■ **DIRECTIONS FOR THIS TASK**
In the records below, repeat exactly the lines between the line holding "White Iridescent Beaded" and the line holding "Hand drawn Christmas", inclusive, and drop the pictures.

■ **ENTRIES SHOWN**
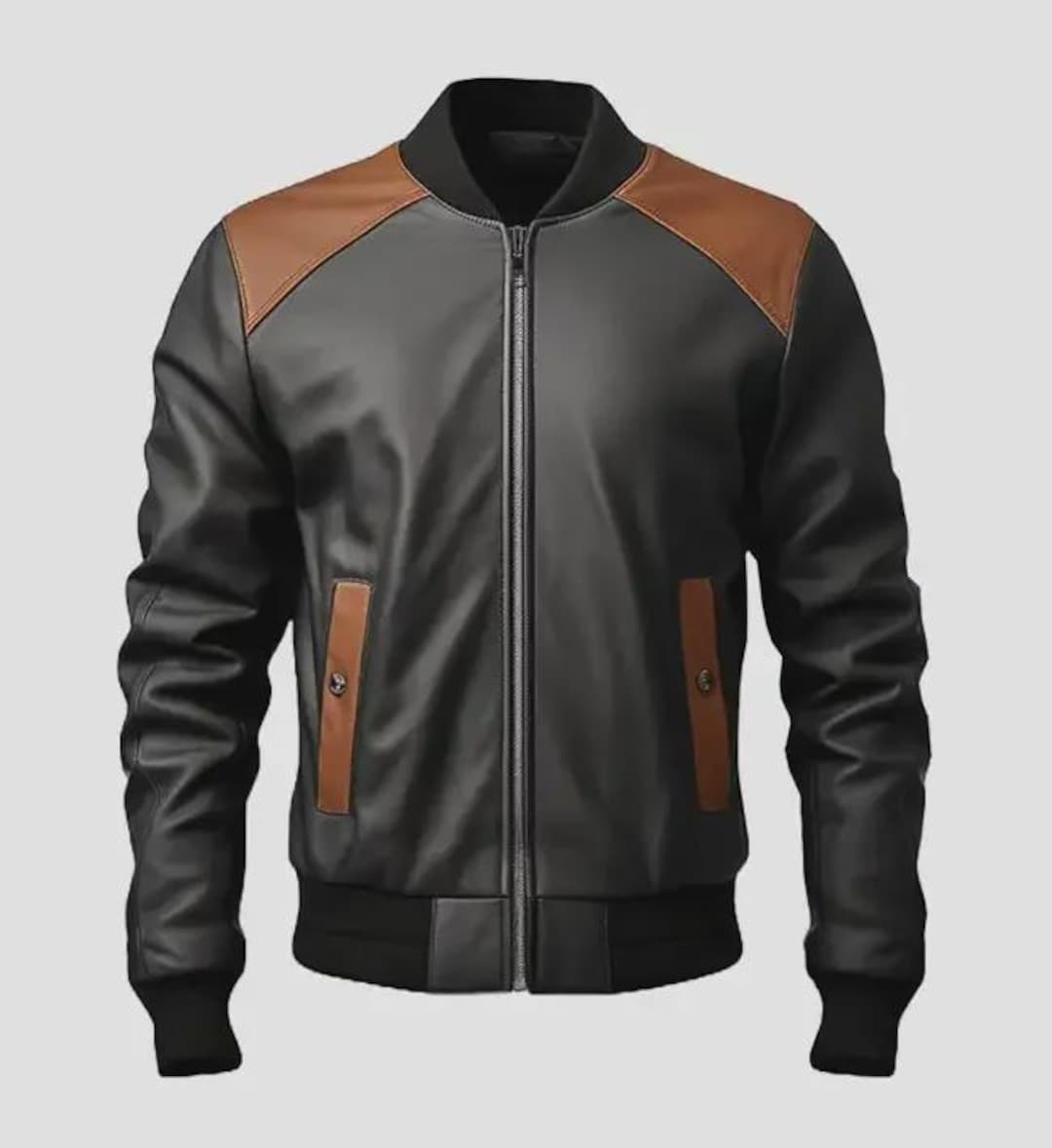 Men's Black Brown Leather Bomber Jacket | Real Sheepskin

==

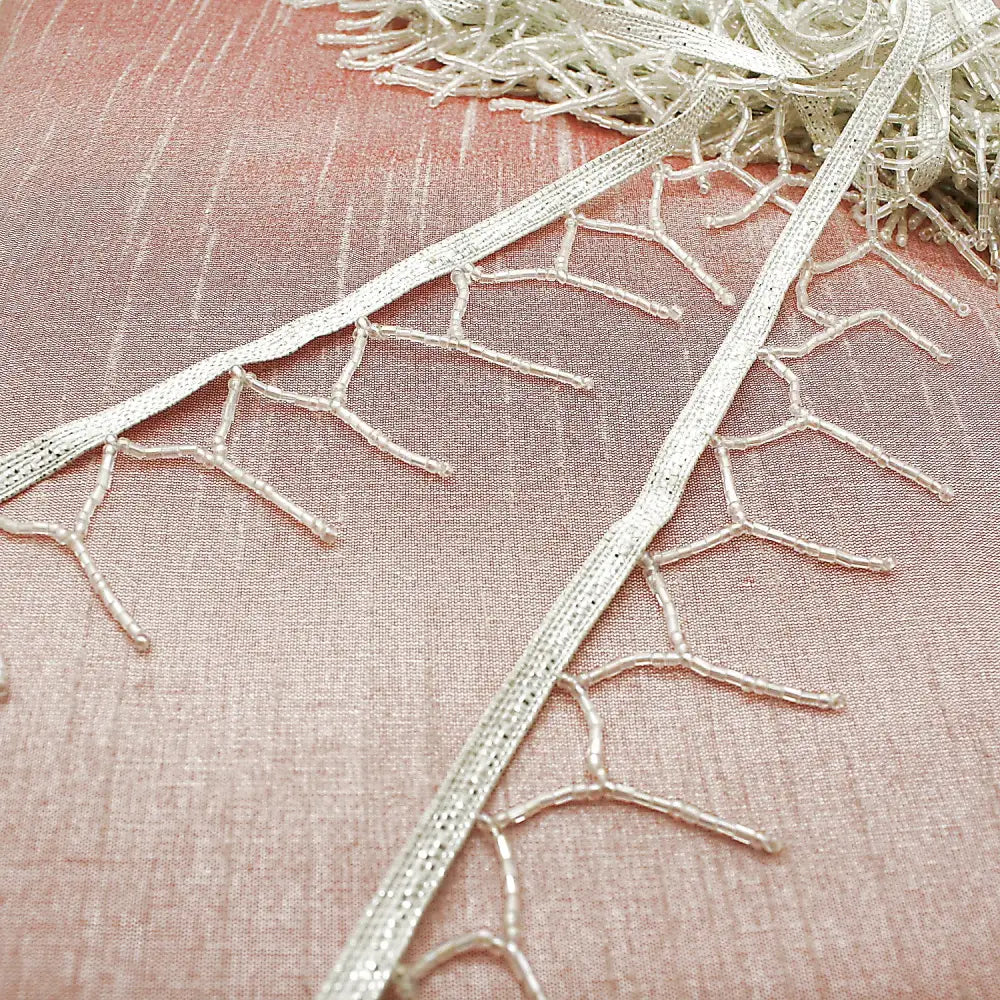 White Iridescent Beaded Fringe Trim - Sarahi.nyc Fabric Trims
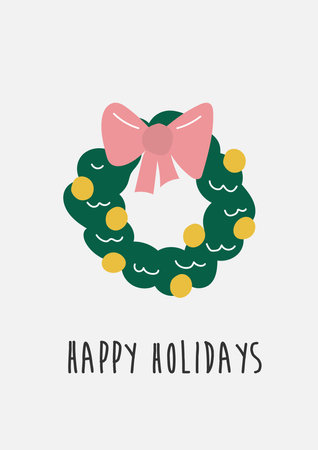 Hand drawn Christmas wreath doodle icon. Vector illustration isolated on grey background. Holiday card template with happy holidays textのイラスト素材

■ **YOUR RESPONSE**
 White Iridescent Beaded Fringe Trim - Sarahi.nyc Fabric Trims
 Hand drawn Christmas wreath doodle icon. Vector illustration isolated on grey background. Holiday card template with happy holidays textのイラスト素材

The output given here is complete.